There are several challenges to pairing wine with barbeque, and I personally find them exciting rather than intimidating.  Traditional red meat pairings are not going to work here due to a couple of unique considerations, but the good news is, you have a couple of things which work in your favor.  If you’re not sure whether to pair a wine with the rub or the sauce, I personally always pick the one with the more dominant flavor.  If your rub is the milder of the two, pair with your sauce and vice versa.

So, with that being said, let’s start with the general challenges:

  • Sweetness from the rub and sauce. Sugar in food is, generally speaking, a wine enemy.  It increases the burn from the alcohol while decreasing the body and fruitiness of the wine.  Not good.
  • Spiciness from the rub and sauce. In the case of chili heat, the alcohol in the wine is going to compound the burning in your mouth as well as decreasing the enjoyable parts of the wine’s taste and body (mouthfeel).

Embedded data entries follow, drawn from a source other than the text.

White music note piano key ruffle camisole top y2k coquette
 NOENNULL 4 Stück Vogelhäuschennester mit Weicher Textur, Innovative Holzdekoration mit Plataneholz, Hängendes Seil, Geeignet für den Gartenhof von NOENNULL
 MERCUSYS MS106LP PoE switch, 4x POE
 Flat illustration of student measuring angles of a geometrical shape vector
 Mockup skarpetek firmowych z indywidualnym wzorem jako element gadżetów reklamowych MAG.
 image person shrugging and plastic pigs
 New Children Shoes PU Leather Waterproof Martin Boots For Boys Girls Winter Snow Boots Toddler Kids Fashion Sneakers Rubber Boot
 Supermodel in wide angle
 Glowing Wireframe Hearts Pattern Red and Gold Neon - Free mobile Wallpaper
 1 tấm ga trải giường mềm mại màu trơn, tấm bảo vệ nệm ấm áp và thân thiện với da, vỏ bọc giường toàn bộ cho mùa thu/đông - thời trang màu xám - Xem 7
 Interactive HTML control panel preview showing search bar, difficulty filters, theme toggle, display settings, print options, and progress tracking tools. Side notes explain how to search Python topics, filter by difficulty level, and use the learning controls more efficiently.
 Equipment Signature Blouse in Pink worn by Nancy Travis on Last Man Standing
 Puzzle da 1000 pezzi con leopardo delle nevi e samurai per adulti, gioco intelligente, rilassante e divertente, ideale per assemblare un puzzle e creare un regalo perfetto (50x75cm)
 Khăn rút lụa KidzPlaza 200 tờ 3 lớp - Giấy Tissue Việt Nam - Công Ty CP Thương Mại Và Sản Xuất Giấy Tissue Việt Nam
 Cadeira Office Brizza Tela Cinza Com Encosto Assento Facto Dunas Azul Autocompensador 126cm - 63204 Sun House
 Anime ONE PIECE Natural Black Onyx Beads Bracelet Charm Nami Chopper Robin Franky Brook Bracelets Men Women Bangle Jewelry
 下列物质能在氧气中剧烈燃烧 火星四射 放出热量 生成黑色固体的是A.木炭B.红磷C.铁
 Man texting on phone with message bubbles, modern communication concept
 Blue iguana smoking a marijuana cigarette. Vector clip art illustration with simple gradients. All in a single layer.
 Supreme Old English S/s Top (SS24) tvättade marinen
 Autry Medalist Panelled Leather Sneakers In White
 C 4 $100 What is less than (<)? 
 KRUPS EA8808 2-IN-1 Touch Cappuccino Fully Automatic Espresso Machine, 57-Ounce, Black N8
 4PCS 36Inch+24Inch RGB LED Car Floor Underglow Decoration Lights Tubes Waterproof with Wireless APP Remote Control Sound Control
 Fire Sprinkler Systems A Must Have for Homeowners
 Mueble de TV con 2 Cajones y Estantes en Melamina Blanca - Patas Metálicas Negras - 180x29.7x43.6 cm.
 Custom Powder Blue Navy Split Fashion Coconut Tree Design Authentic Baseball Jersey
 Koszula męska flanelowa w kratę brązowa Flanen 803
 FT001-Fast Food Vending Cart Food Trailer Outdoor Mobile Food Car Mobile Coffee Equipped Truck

Now for the helpful factors:

  • Salt. Salt decreases the perception of acidity and bitterness of wine (a.k.a. the tannins) and increases the body.
  • Acidity.  Acidity is generally your friend with wine, as it increases the body, sweetness, and fruitiness.  Careful with too much of good thing, though (like in the case of an Eastern North Carolina sauce), as it can overwhelm the acid in your wine and make it taste flat.



With all of that being said, here are three of my go-to pairings that are versatile enough for a range of barbecue styles.  I’ll give you a white, a pink, and a red.

White pairing:  Off-Dry Gewurztraminer (Husch Gewurtraminer – Anderson Valley – $11.99 at BevMo).  This wine’s modern home is Alsace France, a region that borders Germany:  hence the name.  “Gewurtz” translates to “spicy” in German, and this wine is known for its spice, ginger, honey, and tropical fruit aromas.  This is a classic pairing with barbeque for a reason.  The grape also has naturally high acidity, which helps clean the mouth after a fatty bite as well as balancing the sweetness of the wine.  And speaking of sugar, if there’s a little heat in your rub or your sauce, residual sugar will calm that capsaicin burn down.  This also means that you don’t have to worry about the sugar in your sauce so much.

Rosé pairing:  Syrah/Grenache (Gassier Sables d’Azur – Côtes de Provence $13.99 at BevMo).  A dry rosé is great for several reasons; namely it’s cold, it’s made from red grapes, and there are generally low levels of alcohol and tannins to contend with.  These go great with brisket, and you should have plenty of mouth-cleansing acidity between each bite.

Red pairing:  Cru Beaujolais (Domaine Diochon Moulin-A-Vent Cru Beaujolais – $23.99 at BevMo).  Beaujolais should be your first thought when you want a warm weather red wine, and I’m not talking about the Beaujolais Nouveau with the flowery label that’s stacked on every grocery store aisle around Thanksgiving.  Beaujolais is made from a grape called Gamay and is generally lighter in body and color than most reds with nice fruit and pretty much no oak.  It’s usually served lightly chilled and is great for the same reasons as the rosé above, namely that it’s low in tannins and alcohol.  Great for those in the group not daring enough to stray from reds with their meat!  Refrigerate for about 30 minutes before serving:  you don’t want it as cold as a white or rosé but trust me:  this wine is great right around sunset on a hot day.



More Tips

Based on how sugar and heat play together, you can probably already guess why sweet tea is a good pairing with spicy smoked stuff:  it turns down the burn.  Likewise, beer, which is generally lower in alcohol, tannins, and acidity, won’t intensify the spiciness too much, but it won’t add much in the way of complementary flavor.  Branch out and try pairing some wine with your ‘que.  If you’re as type A as I am, you can also try your sauce and rub with the wine beforehand to get an idea of how the pairing is going to work out and adjust accordingly.

If I can add one more little nugget it’s this:  never cut corners when it comes to your meat or your wine.  There are plenty of places where a penny saved makes little or no difference, but I can tell you from experience that while you can put lipstick on a pig, you can’t turn an off-cut factory farmed meat slab into filet mignon.  The same goes for wine.  While you don’t have to spend an arm and a leg for a good (or I daresay great) bottle, the reality is that you almost always have to spend more than $10 for an enjoyable one.  Also much like your backyard technique, practice makes perfect with wine.  Trust me:  I’ve been exploring the middle shelf for years.